文摘We in vitro examined the existing prognoses of the dissociation constant, KD, between ТАТА- Binding Protein (TBP) and ТАТА box with single nucleotide polymorphism (SNP) associated with human diseases. Five SNPs of the genes for cytochrome P450 2A6 (associated with lung cancer), β-globin (associated with β-thalassemia), mannose binding lectin (associated with variable immunodeficiency), superoxide dismutase 1 (associated with amyotrophic lateral sclerosis) and triosephosphate isomerase (associated with anemia) fell within the range of –ln(KD;M/KD;WT) between –1.5 and –1 (here KD;WT and KD;M denote the normal ТАТА box and with SNP).

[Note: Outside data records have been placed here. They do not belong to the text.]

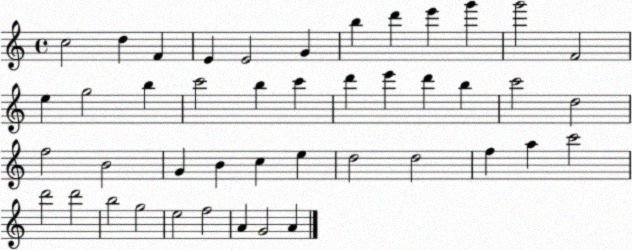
X:1
T:Untitled
M:4/4
L:1/4
K:C
c2 d F E E2 G b d' e' g' g'2 F2 e g2 b c'2 b c' d' e' d' b c'2 d2 f2 B2 G B c e d2 d2 f a c'2 d'2 d'2 b2 g2 e2 f2 A G2 A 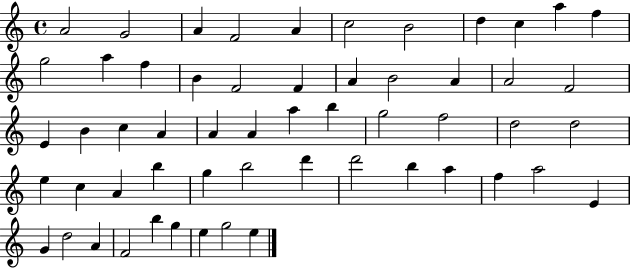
A4/h G4/h A4/q F4/h A4/q C5/h B4/h D5/q C5/q A5/q F5/q G5/h A5/q F5/q B4/q F4/h F4/q A4/q B4/h A4/q A4/h F4/h E4/q B4/q C5/q A4/q A4/q A4/q A5/q B5/q G5/h F5/h D5/h D5/h E5/q C5/q A4/q B5/q G5/q B5/h D6/q D6/h B5/q A5/q F5/q A5/h E4/q G4/q D5/h A4/q F4/h B5/q G5/q E5/q G5/h E5/q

The mea-surements using EMSA demonstrated that: 1) all the predictions stating that the affinity between ТВР and ТАТА boxes with SNPs would be reduced were correct;2) the departures of three predictions from the measurements fell within the confidence interval;3) all the predictions consistently underestimated actual mutational damage caused to ТАТА boxes with SNPs (a < 0.05;binomial law) and two of these predictions did so significantly (a < 0.05, Student’s t-test). This consistent underestimation seems to be associated with the damage to the context that modulates ТВP/ТАТА affinity, for example, the contact between the nucleosomal histone H3-Н4 dimer and the core promoter immediately near ТАТА boxes.